THE RECORDS —
· · · · ·
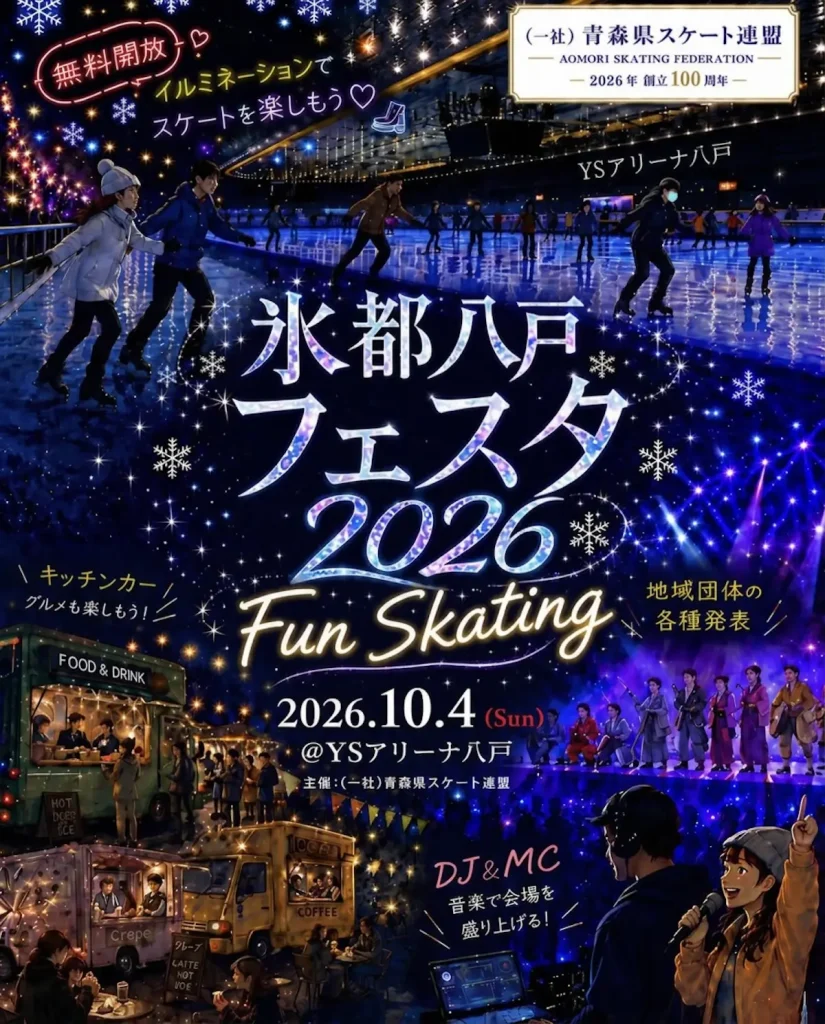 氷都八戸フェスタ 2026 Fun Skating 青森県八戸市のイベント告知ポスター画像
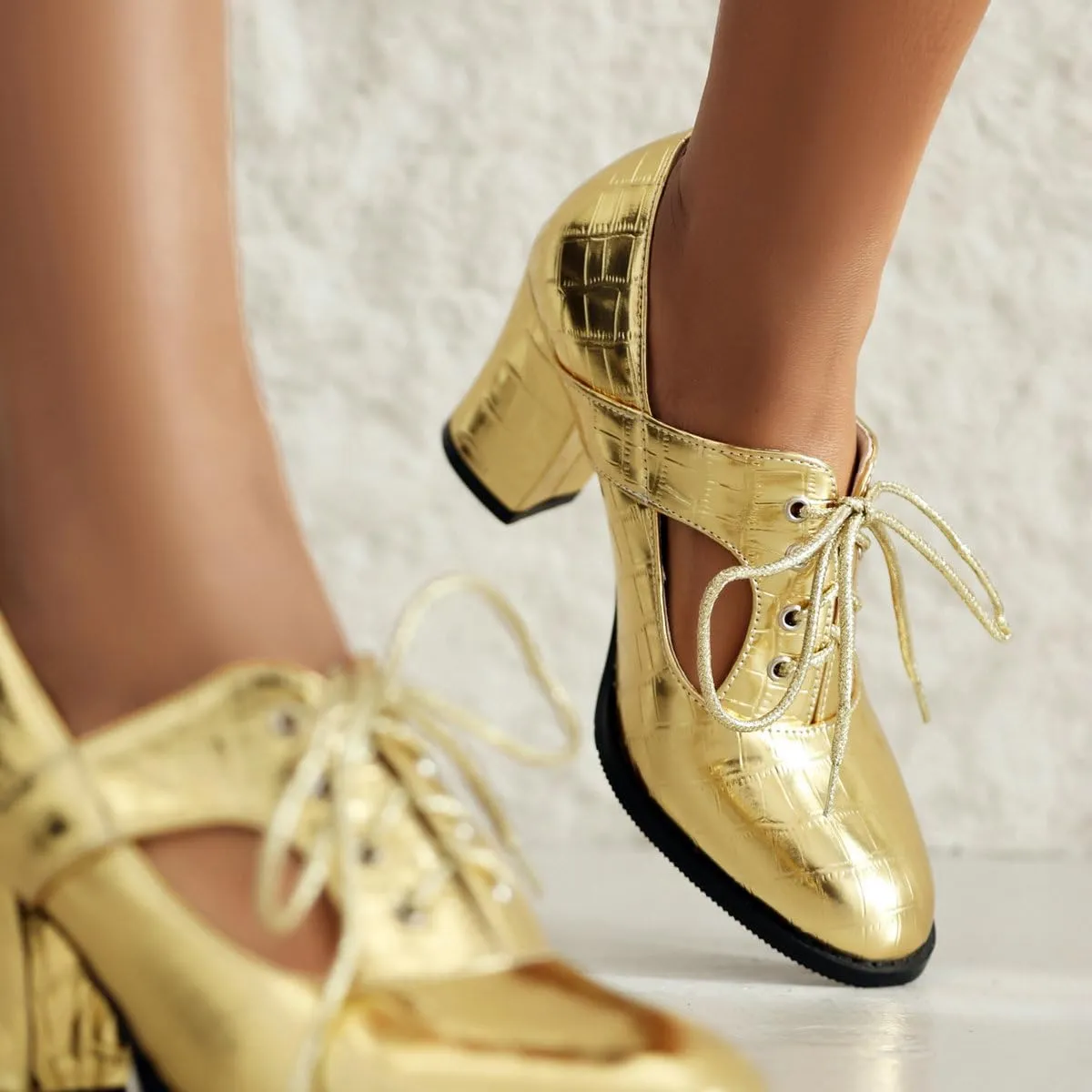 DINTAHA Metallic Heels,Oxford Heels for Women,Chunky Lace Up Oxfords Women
· · · · ·
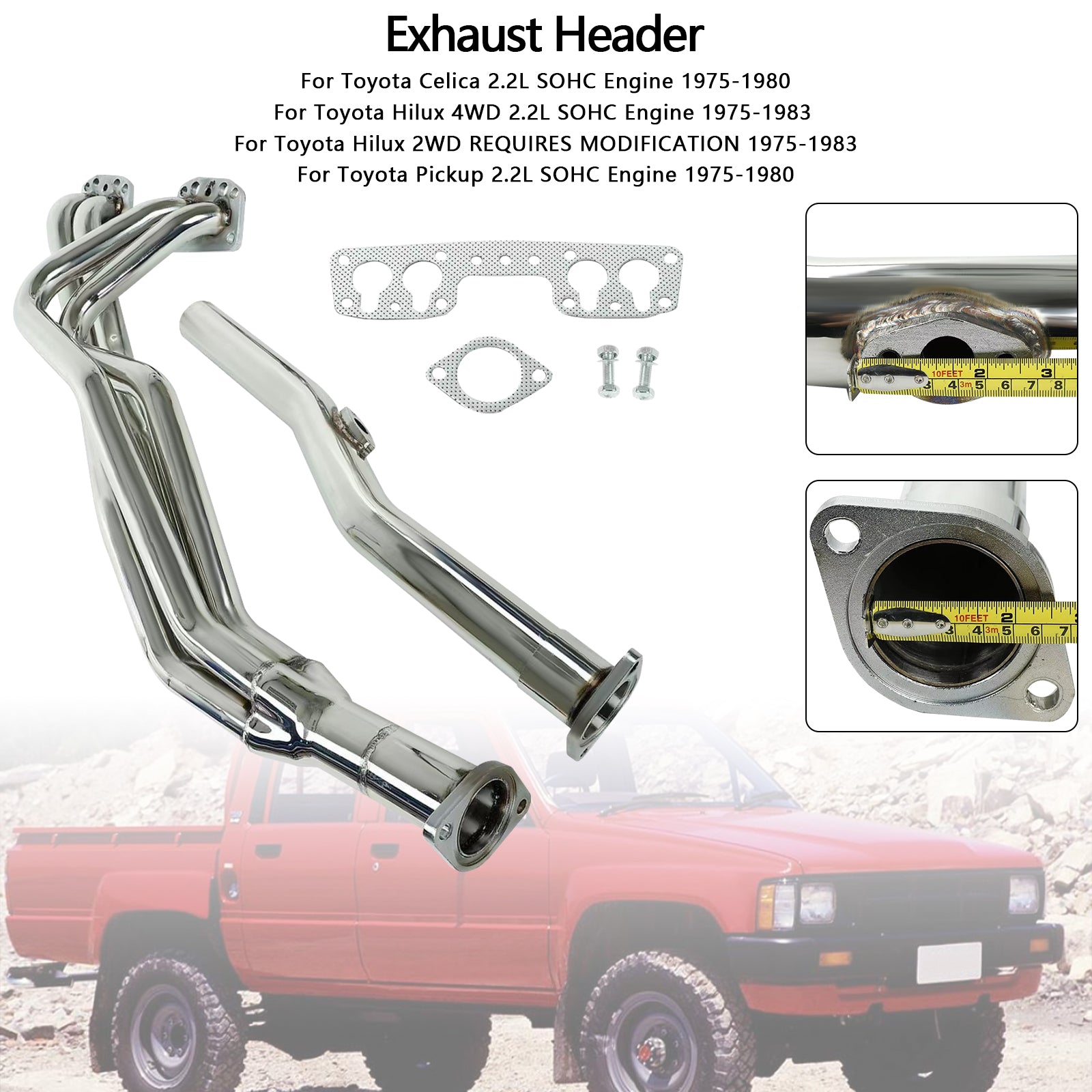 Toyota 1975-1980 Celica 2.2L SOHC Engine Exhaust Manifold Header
· · · · ·
YOUR INSTRUCTIONS — When you reach the line holding "氷都八戸フェスタ 2026 Fun" in the listing above, begin retyping exactly, and stop once the line holding "DINTAHA Metallic Heels,Oxford" is done; pictures stay out.

RESULT FOR THIS TASK —
 氷都八戸フェスタ 2026 Fun Skating 青森県八戸市のイベント告知ポスター画像
 DINTAHA Metallic Heels,Oxford Heels for Women,Chunky Lace Up Oxfords Women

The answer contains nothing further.